In an occasional paper published by the Financial Conduct Authority (FCA) last week (October 9), the authors concluded that future work should investigate in more detail the different segments of the mortgage market and characterise their specific dynamics.
The authors cited the example of young first-time buyers, relying on high LTV mortgages, who were likely to be particularly affected by changes in the availability of mortgage products.
Their analysis found that the share of offered deals with a loan-to-value above 90 per cent fell from 10 per cent to 2 per cent between March and June, remaining at 2 per cent as of August.
Additionally, the analysis showed that the largest decline in April and May, as well as the smallest rebound in June, was concentrated among the ‘riskiest’ mortgages above 90 per cent LTV, or an LTI in excess of 4.

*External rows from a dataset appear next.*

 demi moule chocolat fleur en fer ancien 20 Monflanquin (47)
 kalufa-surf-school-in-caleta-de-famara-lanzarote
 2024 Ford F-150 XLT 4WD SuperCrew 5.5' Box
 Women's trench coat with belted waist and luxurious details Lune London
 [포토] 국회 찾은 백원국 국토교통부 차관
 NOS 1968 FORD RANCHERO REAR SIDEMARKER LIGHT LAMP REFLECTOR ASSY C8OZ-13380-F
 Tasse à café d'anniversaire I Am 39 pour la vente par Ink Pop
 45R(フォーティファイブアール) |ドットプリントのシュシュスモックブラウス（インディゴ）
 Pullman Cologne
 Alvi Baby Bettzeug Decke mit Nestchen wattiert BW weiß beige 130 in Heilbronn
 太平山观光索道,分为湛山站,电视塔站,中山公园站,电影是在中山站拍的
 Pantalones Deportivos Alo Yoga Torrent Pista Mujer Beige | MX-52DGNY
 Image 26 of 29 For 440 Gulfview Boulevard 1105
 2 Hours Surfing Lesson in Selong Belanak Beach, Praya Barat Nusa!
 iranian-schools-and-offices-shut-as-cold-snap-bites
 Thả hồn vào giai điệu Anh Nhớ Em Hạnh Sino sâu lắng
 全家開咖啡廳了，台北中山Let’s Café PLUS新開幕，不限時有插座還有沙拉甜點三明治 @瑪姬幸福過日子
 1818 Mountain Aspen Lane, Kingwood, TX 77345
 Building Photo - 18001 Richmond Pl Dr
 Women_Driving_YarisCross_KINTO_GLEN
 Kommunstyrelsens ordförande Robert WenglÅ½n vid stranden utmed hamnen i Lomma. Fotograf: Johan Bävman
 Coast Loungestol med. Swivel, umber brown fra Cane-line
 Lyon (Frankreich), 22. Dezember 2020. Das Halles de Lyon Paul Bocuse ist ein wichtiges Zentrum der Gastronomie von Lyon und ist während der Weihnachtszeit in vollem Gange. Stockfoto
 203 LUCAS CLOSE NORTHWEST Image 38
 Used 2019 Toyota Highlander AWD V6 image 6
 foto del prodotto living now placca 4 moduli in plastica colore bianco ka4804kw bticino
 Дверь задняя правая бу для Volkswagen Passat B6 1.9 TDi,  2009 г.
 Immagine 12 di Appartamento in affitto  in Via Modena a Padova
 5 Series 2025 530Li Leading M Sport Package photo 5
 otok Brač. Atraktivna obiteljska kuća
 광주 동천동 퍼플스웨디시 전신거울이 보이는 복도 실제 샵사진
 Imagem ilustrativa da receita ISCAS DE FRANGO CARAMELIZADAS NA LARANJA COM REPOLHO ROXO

By the end of Q2 2020, for example, the number of mortgages above 90 per cent LTV was still 60 per cent below their June 2019 level.
The high LTV market has seen lenders coming in and out, with limited launches and product withdrawals after high demand following lockdown.
Last month Moneyfacts warned that home ownership aspirations were “further out of reach” for many as the number of high LTV mortgage deals available had dramatically declined year-on-year.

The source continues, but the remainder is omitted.